Der Auftakt lässt an Stephen Kings Stand by me denken, doch diesmal ist das Ziel einiger wandernder Jungs keine Leiche, sondern ein Pornoheft. Dabei stürzt ein LKW von einer Brücke und begräbt den 12-jährigen Jodie Christianson unter sich. Dieser überlebt und bleibt unverletzt. Nachdem er zur Freude seiner Mitschüler auch noch Sprudel in Wein verwandelt hat, beginnt Jodie sich zu fragen, ob er der neue Messias ist…
Diese Geschichten erschien 2004 bei Dark Horse unter dem Titel Chosen. Die mit einer überraschenden, aber nicht wirklich originellen, Wendung im dritten Heft (erst einmal) abgeschlossene Miniserie war, nach Wanted, der zweite Comic des Labels Millarworld. Hier macht der schottische Autor Mark Millar nach großen Erfolgen bei Marvel und DC sein eigenes Ding. Dass er nicht mehr von Verlagen abhängig ist, zeigte sich auch darin, dass Chosen fünf Jahre später unter dem Titel American Jesus gebündelt bei Image erschien.
Panini hat bei uns nach und nach, teilweise auch übergroß im Hardcover-Format, die von Millar getexteten Comics veröffentlicht, doch American Jesus war bisher nicht darunter. Dies dürfte weniger am kontroversen Inhalt liegen, denn der Katholik Millar geht recht respektvoll mit den religiösen Aspekten der Story um.
Es ist eher zu vermuten, dass die oft etwas unbeholfen wirkende Grafik von Peter Gross (The Unwritten, Das Puppenhaus) gegen die Serie sprach.
The New Messias ist der Mittelteil einer Trilogie und beginnt in den 70er-Jahren in Harlem. Dort ist die 14-jährige Jungfrau Luciana Cortez plötzlich schwanger. Die junge Frau und ihr Freund Eddie flüchten nach Waco, Texas zu einer Gruppe religiöser Fanatiker. Dort bringt Luciana ihre Tochter Catalina zur Welt, die über spezielle Fähigkeiten verfügt und aus der erdrückenden Enge der Sekte flüchtet…

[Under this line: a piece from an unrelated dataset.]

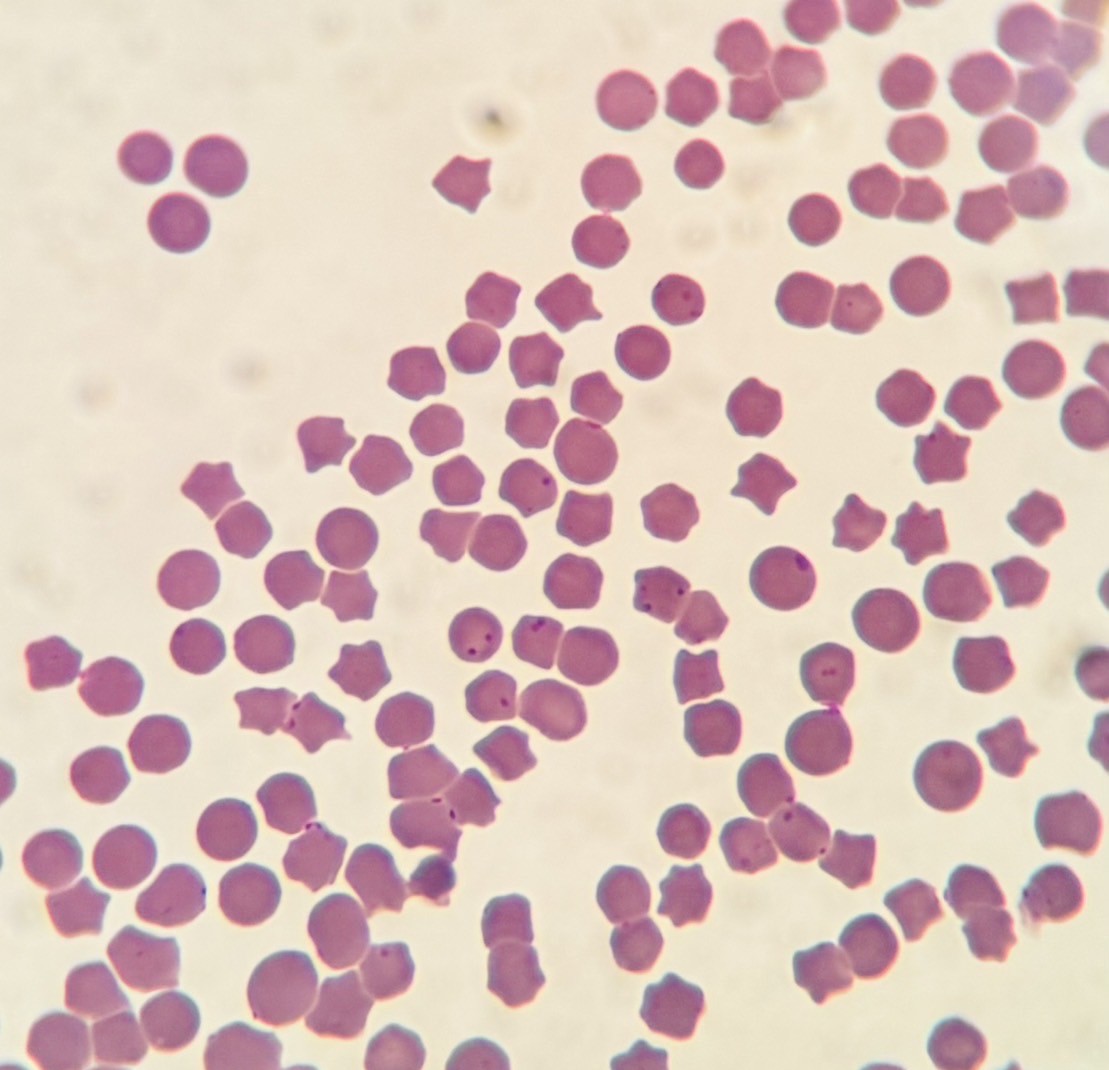 症例紹介：ヘモプラズマ感染症（旧ヘモバルトネラ感染症） あらた動物病院｜横浜市旭区善部町の動物病院｜犬 猫｜土日祝日診療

Insgesamt wirkt der 16 Jahre später entstandene zweite Teil von American Jesus erzählerisch und optisch runder. Das Artwork von Peter Gross ist deutlich gereift, obwohl der Zeichner an einem Handtremor litt und auf digitales Arbeiten umsteigen musste.
Auch der dritte Teil Die Offenbarung (Revelation) besteht wieder aus drei US-Heften. Diese Miniserie wurde 2022 gestartet und liegt mittlerweile bei Image und auch bei uns als Gesamtausgabe vor, die als Bonus wieder ein interessantes Gespräch zwischen Millar und Gross enthält. Es sei gespoilert, dass der Zeichner vom Ende der Story ganz schön überrascht war.
Erwartungsgemäß kommt es zum Showdown. Doch bevor Catalina auf Jodie trifft, rechnet sie noch mit den herrschenden Zuständen ab. Hier überrascht, dass der Katholik Millar– genau wie zuvor schon in King of Spies – alles andere als pfleglich mit dem Papst umgeht.
Nach knapp zwei Jahrzehnten beendet Millar seine Serie originell, konsequent und rechtzeitig zum demnächst auf Netflix anstehenden Start der in Mexiko gedrehten Serien-Adaption, die bei uns den Titel Der Auserwählte tragen wird.